The setting sun provides a background as the Sanders display lights up on Monday.

The Blue Creek Christmas includes a tribute to those who have served our country.

Christmas officially began for three of Vinton’s youngest aspiring photographers on Monday, when three granddaughters buckled into Grandpa’s SUV and headed toward the Sanders, Kersten and Blue Creek Christmas light displays.

And, of course, McDonald’s.

Since we departed at just before 5, it was McDonald’s first, and to save time and make the ride seem shorter, we went to the drive-thru before heading south to the Sanders farm, where Dwight and Bonnie were known for decades as the Pumpkin farmers. While they retired from that a couple of years ago, they continue to fill their yard and its trees with decorations and lights.

I can give you directions: Go south from Vinton on Highway 218, and then turn left on 63rd Street. But you don’t need them. Once you get to the Garrison black top, you can clearly see the lights.

“We had a large crowd here for Thanksgiving dinner and with the warm temps everyone was ready to help decorate.” says Bonnie, of the annual decorating ritual. “It was pretty amazing how much you can get done when you have warmer weather.”
The wind has been an issue in getting the big trees decorated, said Bonnie, who told me when we stopped by that one more big tree still awaits some lights.  Hours will be the same as always: Dusk until 9:00 weekdays and dusk until 10:00 weekends.

The Smiley Face and Cabbage Patch dolls are among the Kersten displays.

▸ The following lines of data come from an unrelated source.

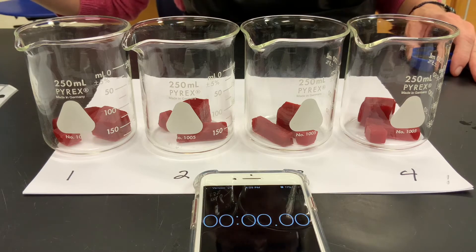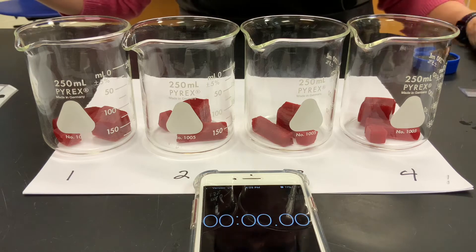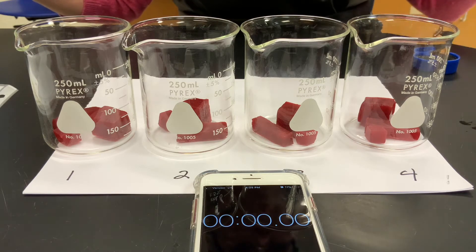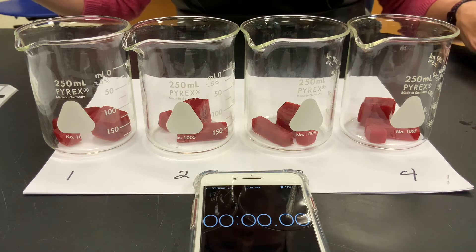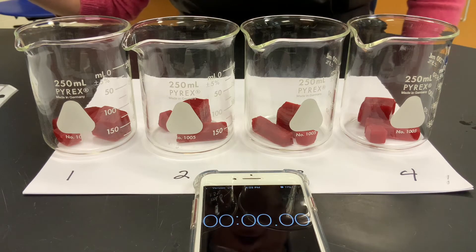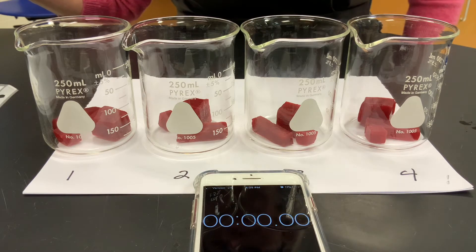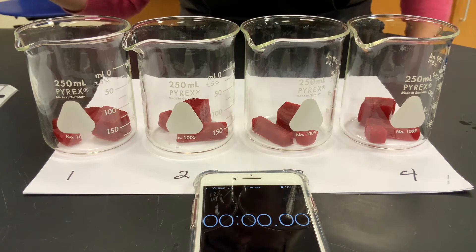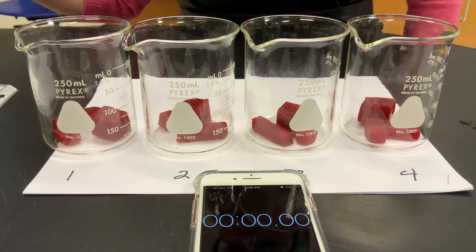This is a lab called Limits to Cell Size. Instead of using agar cubes or actual cells in square shapes, we are using beets and covering them with bleach. The red color of the beets is going to be neutralized and turned white, and the bleach is going to diffuse into the cells, so you'll be able to see them changing color as that happens.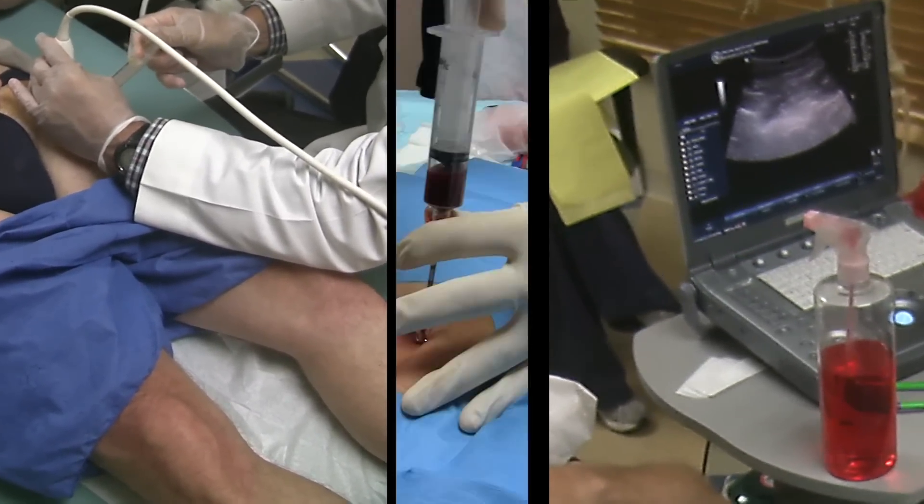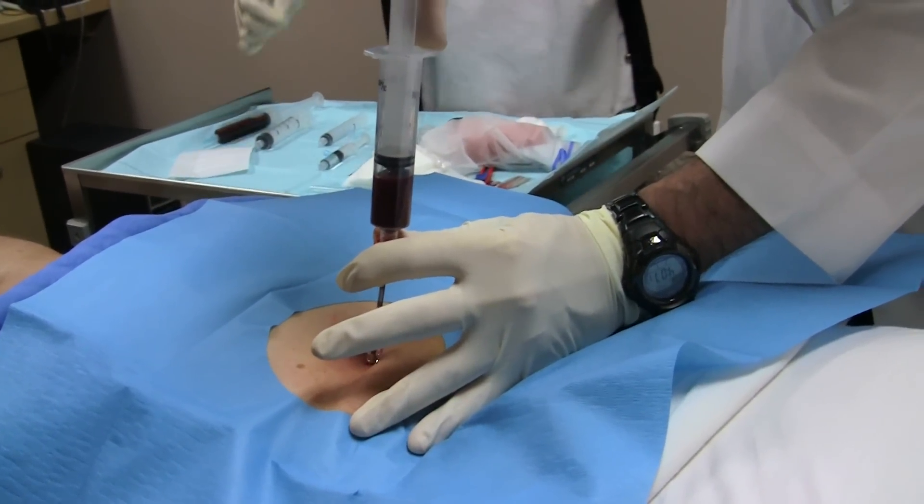You will see the harvesting process for stem cells. This process is minimally invasive and allows the patient to soon return to regular activities.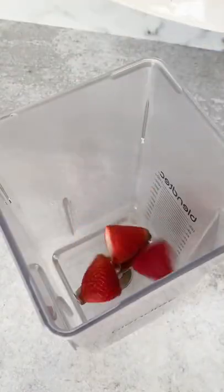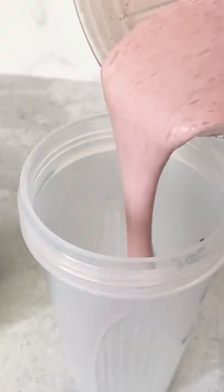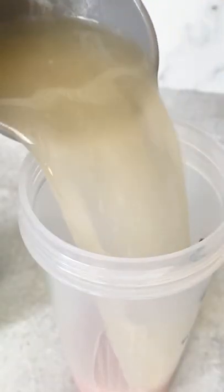Starbucks pink drink — we can make it better. Start by blending together some fresh strawberries and coconut milk until smooth and creamy. I don't have any fancy equipment, so we're using a protein shaker. Add the strawberry coconut milk with some ice and the white grape juice.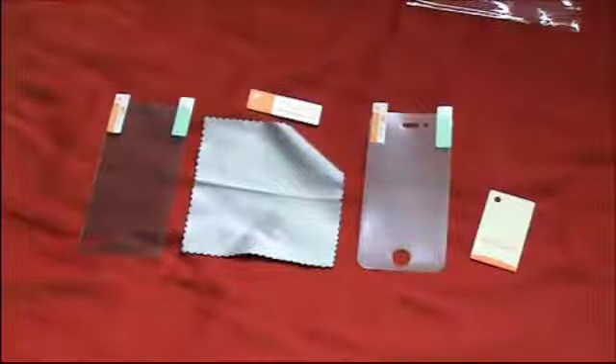Wash your hands first — that is most important. Wash your hands in warm soapy water so they are grease and bacteria free. Then use the cloth to clean your device — make sure there are no dust, hairs, or lint on the device.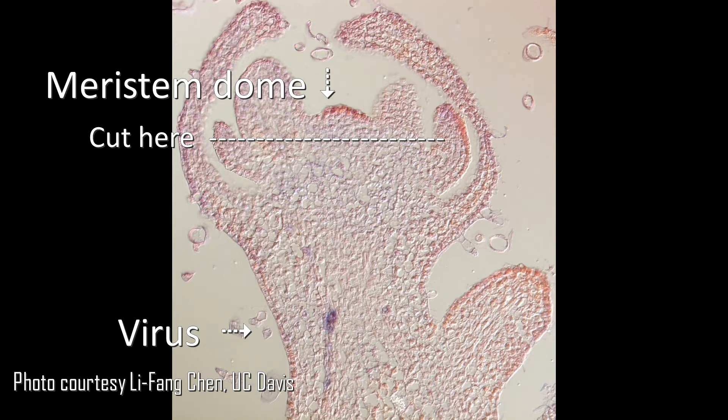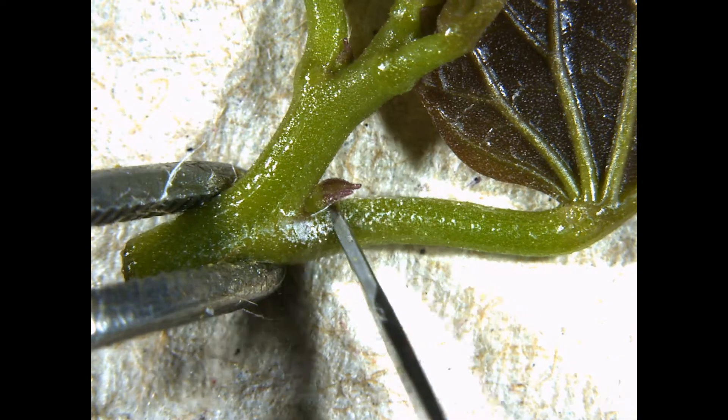Of course with different viruses, especially those that are not restricted to the phloem, it's a little more difficult to escape infection, so you always need to test the plants for viruses after treatment.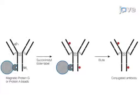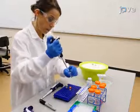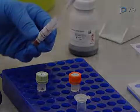To label the antibodies using amine chemistry, after the second wash, replace the wash buffer with 100 microliters of amine conjugation buffer and add 2.5 microliters of freshly prepared amine reactive dye.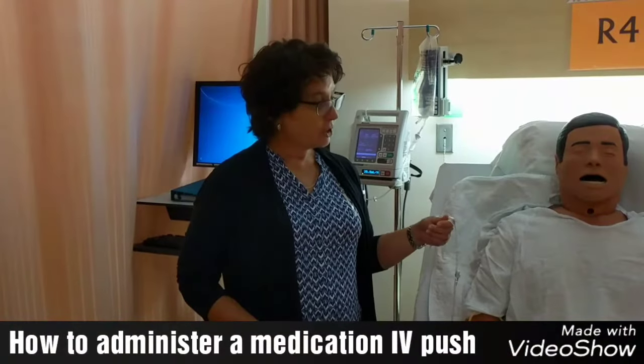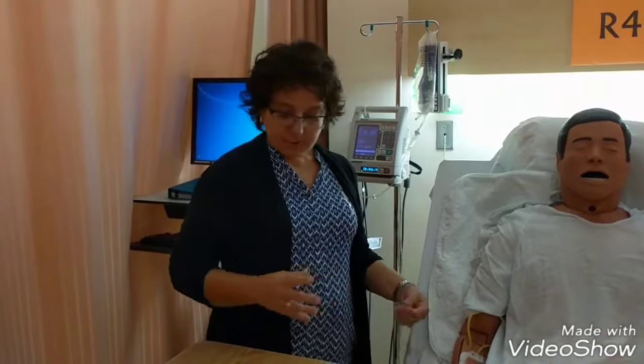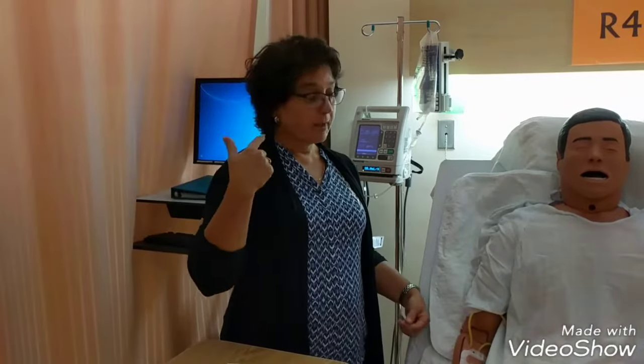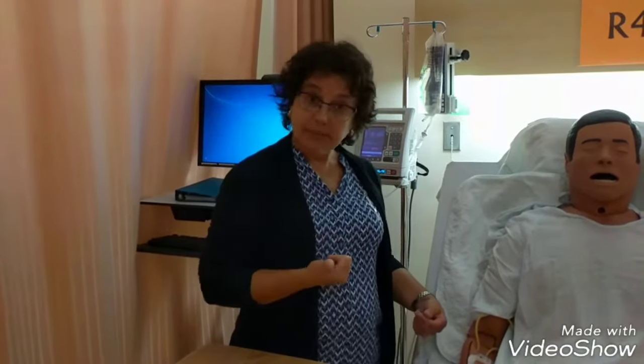Today we're going to be giving IV medication push to our patients who are running an IV line. First thing I'm going to do is check my order, make sure the medication I want to give — which in this case is morphine — is compatible with my IV solution, and that I can give it IV push, how much I have to dilute it with, and how long to infuse it.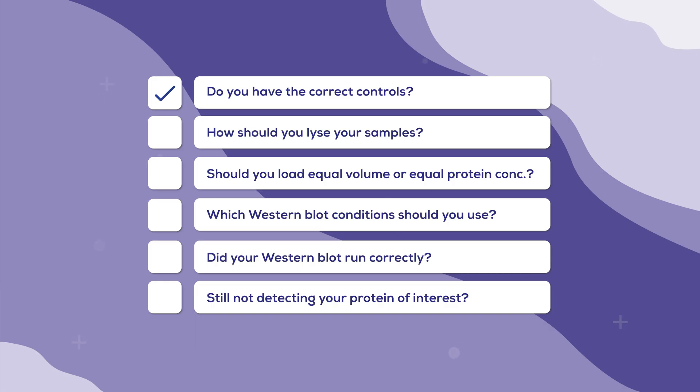Now, on to sample preparation. Whilst it is more common to lyse EVs, some people report not lysing their EVs at all. But if EVs are still intact, it is hard to rationalise how a size-based separation technique like Western blots would work. Cytosolic proteins likely wouldn't be released, and membrane proteins may not travel the correct distance down the gel. So whilst some people appear to get good results using this method, we recommend starting your sample preparation with EV lysis.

After a few photos, which must have taken forever in little girl minutes (I learned when I got back in the car that I had “lied;” I didn’t come “right back.”) we headed back, going north on Highway 218 for the 101 Dalmatians and the rest of the decorations at the Kersten farm, where Heidi continues what her father, Larry, started more than 50 years ago.

By now, it’s around 5:30 and the camera is being passed around the back seats as we head to Center Point, where the newest display continues to bring visitors from all over. Along the way, we have to stop to get a closer look at a few other small yard displays, and the tree-shaped lights hanging on the pole near Urbana City Hall.
But eventually we get to Center Point, and head north of what the oldest granddaughter calls “McSubway,” the convenience store that has both restaurants. We go north a few miles until we se signs pointing right and directing us to turn our FM radio dials to 97.1 so we can hear the music that accompanies the lights.
Blue Creek Christmas fills a small subdivision a few miles north of Center Point, on the black top that leads north to Walker.
Aaron Maue and his family have been doing this for the past several years, using computers to choreograph the light displays and music, along with thousands of pixel lights that can shine virtually any color.
See a story about Blue Creek Christmas HERE.
We spent nearly a half hour there, watching the several different songs that play while the Maue yard (and the rest of the neighborhood) lights up in a variety of carefully timed flashing lights.
As it does every year, the Blue Creek Christmas includes a military tribute. This year, the large 180 degree and 360 degree pixel light trees glowed with the symbols of the Army, Navy, Air Force and Marines as a modern arrangement of the official military songs played.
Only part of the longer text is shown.